No Sellers, No Buyers

A new construction a couple of blocks away from me has been listed on Zillow for 213 days. The house is beautiful. The only thing wrong with it is when it was listed. This home would have sold for asking or above if it had been built twelve months earlier.

The mortgage market has had a heck of a transformation over the past year. From 2014 through 2021, the average 30-year mortgage was 3.8%. It recently hit 7%.

Like every other market in the world, real estate has a large psychological component. But unlike liquid markets where Animal Spirits can dominate, primary residences are more governed by arithmetic than almost anything else. The prices are what they are, and you can either pay for the mortgage or you cannot.

With interest rates up so much, you would think that prices would come down to meet buyers at a number they can afford. That hasn’t happened yet. The median listing price is still up 6% year-over year.

Instead, sellers are just staying put. New listings through for January through March are down significantly from where they were over the past couple of years.

Inventory has had an epic collapse from its high, but there are some signs it may be bottoming. This chart from Bill McBride via Altos shows that inventory is up 0.2% week over week.

I’m on Zillow regularly, and I can tell you that activity in my neighborhood is bone dry. Only ten homes are listed, and for context, there are over 10,000 where I live.
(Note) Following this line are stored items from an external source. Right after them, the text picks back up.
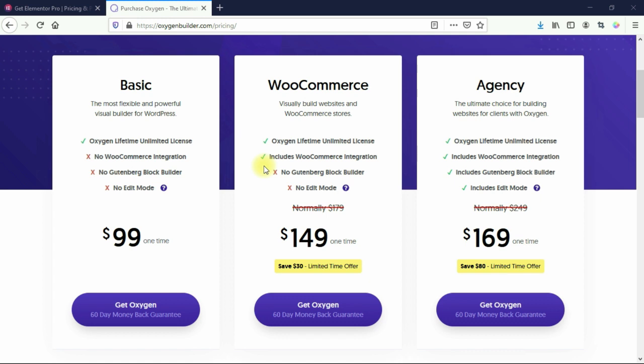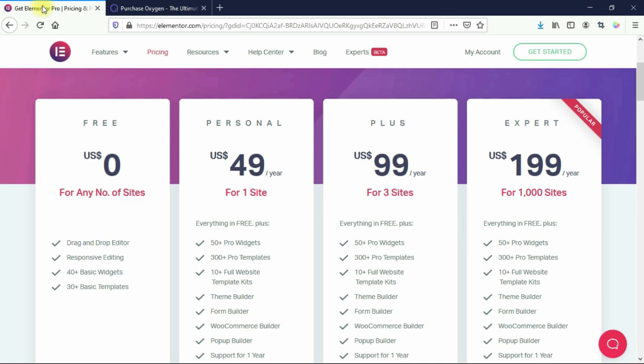If you're somebody like me who just needs one, two, or three websites, you might think you should also go with Oxygen to save money since you only pay once. Well, yes — over the long term, you will save money with Oxygen relative to Elementor. But the issue is this: if you're not a coder or developer, it's going to take a lot more time to learn Oxygen. Elementor does have a learning curve, but it's a lot less steep, and time is money. For somebody like me who doesn't know how to code and just needs a couple of websites, Elementor is by far the best option.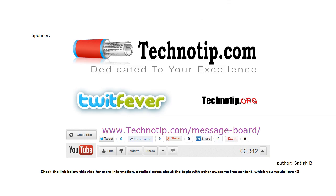Please share this video with your friends on Facebook, Google Plus, LinkedIn, Twitter, etc. And please subscribe to our blog technotip.com and YouTube channel, and please like this on YouTube.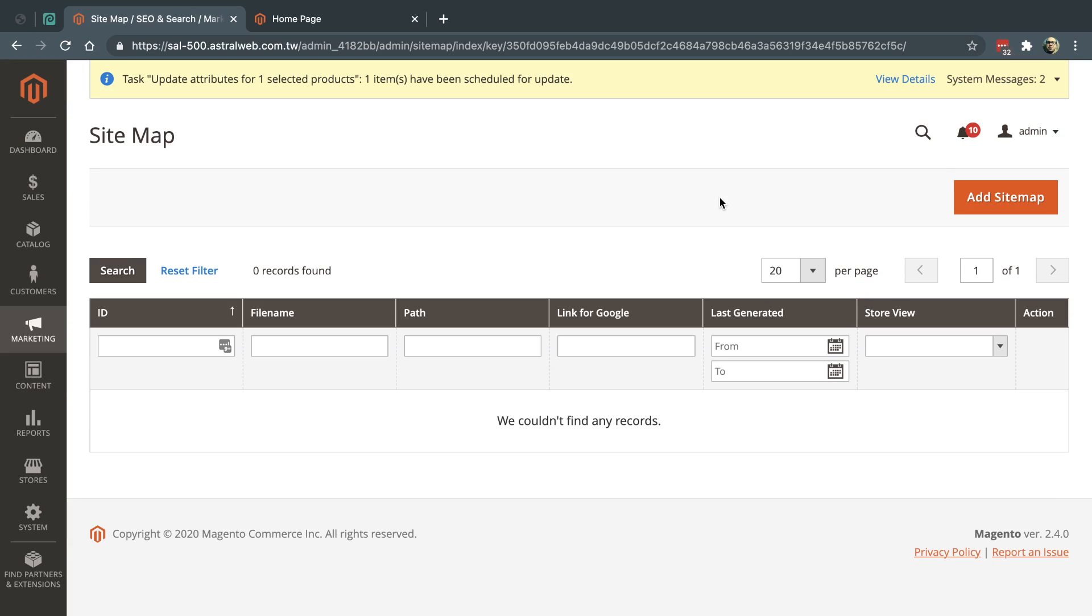Hey everybody, this is Ori from Asterweb and I'm going to share with you a quick tip on sitemap XML generation issues with Magento.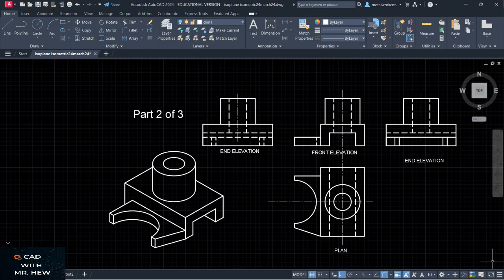Welcome to the channel called CAD with Mr. Hugh. In today's video we'll be looking at how to draw 2D views given a 3D view such as the one shown on the screen. In the previous video we started this 2D drawing and drew the front view and the top view in part 1 of the series. Now in today's video we'll be drawing the 2 side views for the 3D object on the screen. Thanks for joining us and we'll be starting the video now.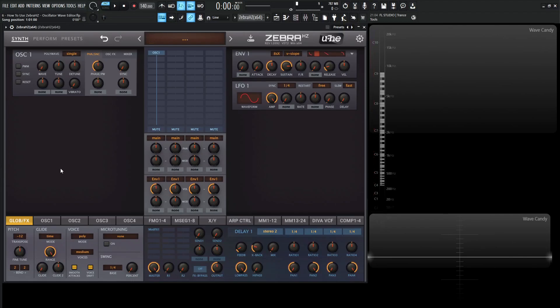Hey guys, John here. Welcome back to the course 'How to Use Zebra HZ.' This is video six, and in today's lesson we're talking about the oscillator wave editor.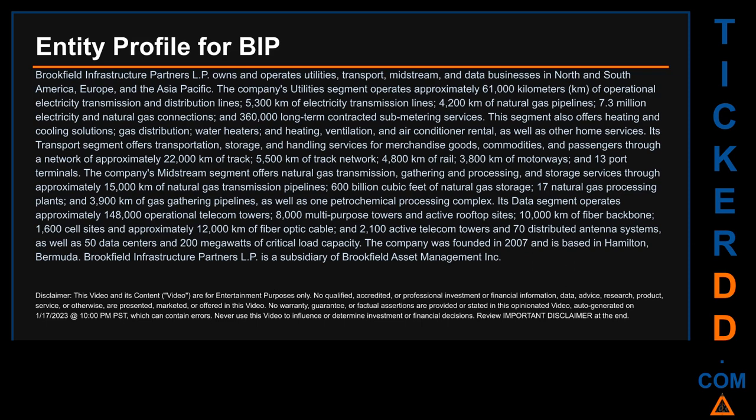Its data segment operates approximately 148,000 operational telecom towers, 8,000 multipurpose towers and active rooftop sites, 10,000 km of fiber backbone, 1,600 cell sites, approximately 12,000 km of fiber optic cable, 2,100 active telecom towers and 70 distributed antenna systems, as well as 50 data centers and 200 megawatts of critical load capacity. The company was founded in 2007 and is based in Hamilton, Bermuda. Brookfield Infrastructure Partners LP is a subsidiary of Brookfield Asset Management Inc.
Four of the ten homes available were listed in the last two weeks. I know there’s seasonality stuff here, but still, it’s a start. But consistent with the second chart in this post, prices are still way too high. That new listing is gonna cost somebody an extra ~$1,500 a month for the mortgage, or $18,000 a year. Sellers are anchored to 2021, and buyers are anchored to their checking accounts.

Unless rates come down, we’re not going to see activity pick up until sellers wake up to the fact that the environment is fundamentally different. You can drive a truck through the bid-ask spread, and it may stay this way longer than people think. Sellers have the upper hand as long as they don’t need to move. For now, they’re waiting for buyers to come to them.